(Records to use)
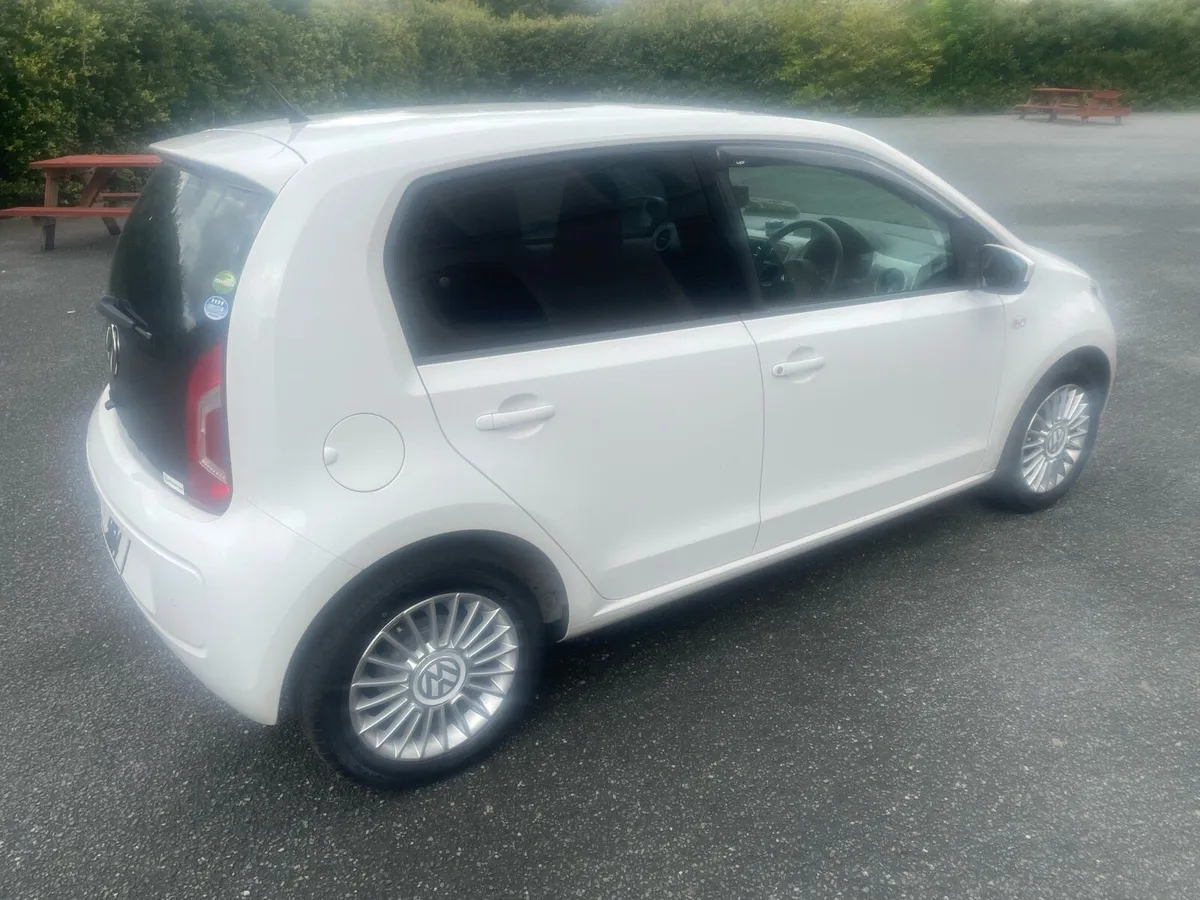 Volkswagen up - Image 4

* * *

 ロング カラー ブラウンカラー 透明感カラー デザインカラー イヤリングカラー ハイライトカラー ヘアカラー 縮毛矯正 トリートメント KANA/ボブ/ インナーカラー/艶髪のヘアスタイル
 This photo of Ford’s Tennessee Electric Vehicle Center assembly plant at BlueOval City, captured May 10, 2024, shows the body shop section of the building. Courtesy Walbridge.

--

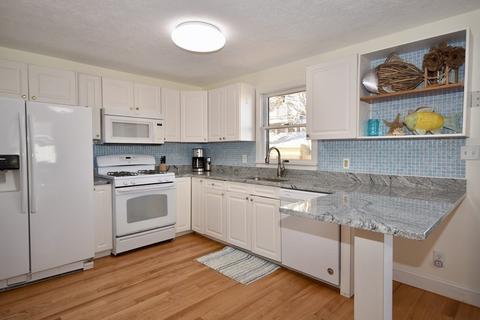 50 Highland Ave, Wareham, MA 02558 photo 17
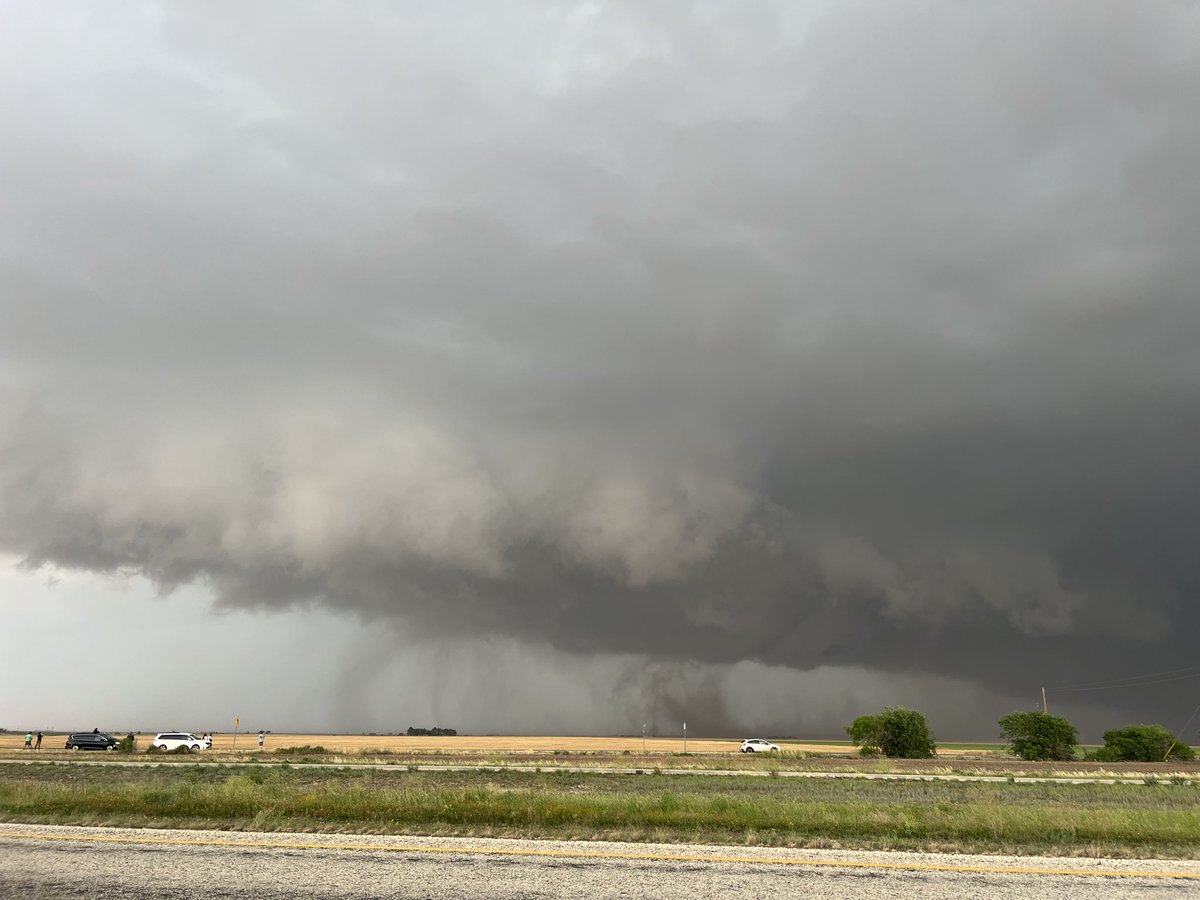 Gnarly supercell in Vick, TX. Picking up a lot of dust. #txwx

(Exercise details)
Could you write out exactly the lines of the data above that run from the one holding "50 Highland Ave, Wareham, MA 02558 photo 17" to the one holding "Gnarly supercell in", with both ends in and all pictures out?

(Exercise output)
 50 Highland Ave, Wareham, MA 02558 photo 17
 Gnarly supercell in Vick, TX. Picking up a lot of dust. #txwx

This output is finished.